Mise à jour : 5 mai 2010 (Rédaction initiale : 5 mai 2010 )

Analyses Sectorielles

II-9.2: A Decision handed down by the European Court of Justice on Feb. 25, 2010 on German BSE testing standards defends member state’s prerogatives in determining the amount of risk their populations shall be exposed to.

Main information

The European Court of Justice upheld German regulations on Bovine Spongiform Encephalitis (BSE, or ‘mad cow disease’) testing, which were more stringent than those required by the European Union, on the grounds that Member States are alone legitimate to determine the level of public health protection they guarantee their citizens.

Thèmes

http://www.curia.europa.eu

Context and Summary

On May 5, 2001, the European Parliament and Council passed European Regulation 999/2001 laying down rules for the prevention, control and eradication of certain transmissible spongiform encephalopathies.


This Regulation obliged Member States to conduct BSE tests on bovines aged 30 months and older, but allowed them to conduct BSE tests on animals ages 24 months when these animals belonged to certain high-risk populations.
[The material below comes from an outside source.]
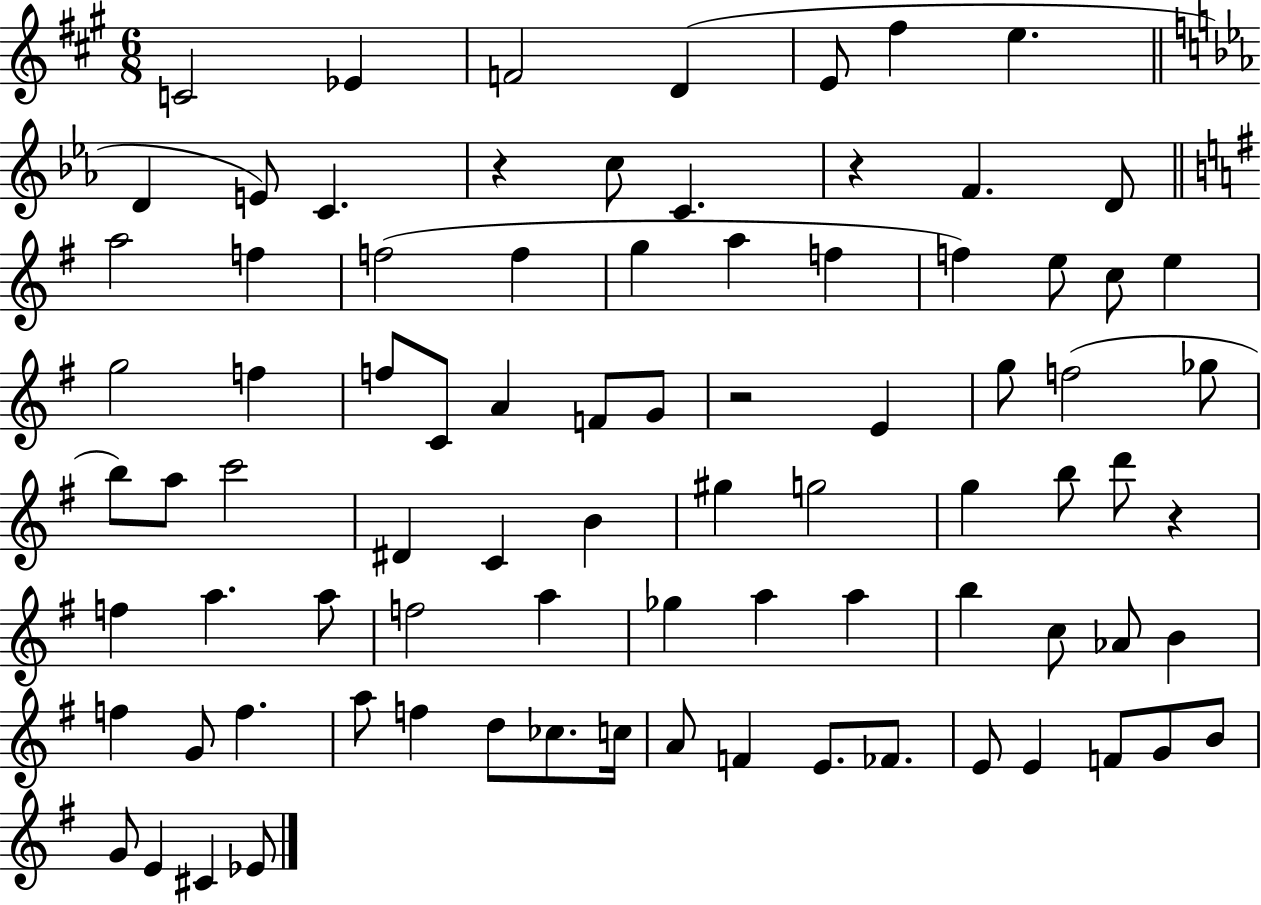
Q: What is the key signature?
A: A major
Furthermore, according to Recital 7 of the Regulation, Member States could conduct on “other bovine animals on a voluntary basis, in particular where those animals are considered to present a higher risk, provided it is done without disrupting trade.”


We remind you that European Regulations have immediate and full legal force in all EU Member States national legal systems, without their having to pass a national law implementing the provisions of the Regulation. Therefore, a European Regulation immediately becomes part of national legislation.


With this in mind, Germany had passed a specific national law (1 December 2000, BGBl. 2000 I, p. 1659), modified by the German Regulation of 25 January 2001 (BGBl. 2000 I, p. 164), requiring all bovine animals to be tested at 24 months of age.


Therefore, the Müller Fleisch GmbH. Corporation sued the German Government over the fees it charged for BSE testing, claiming that the German legislation in this area was incompatible with the European Regulation on the subject: because European Regulations are not supposed to be interpreted by Member States, Müller Fleisch claimed that Germany’s stricter legislation was illegal under European legislation, and that German legislation in this area represented a disruption of free trade within the European Union.


However, the ECJ rejected Müller Fleisch’s suit, on the grounds that Recital 7 of the European Regulation allowed member states a margin of interpretation.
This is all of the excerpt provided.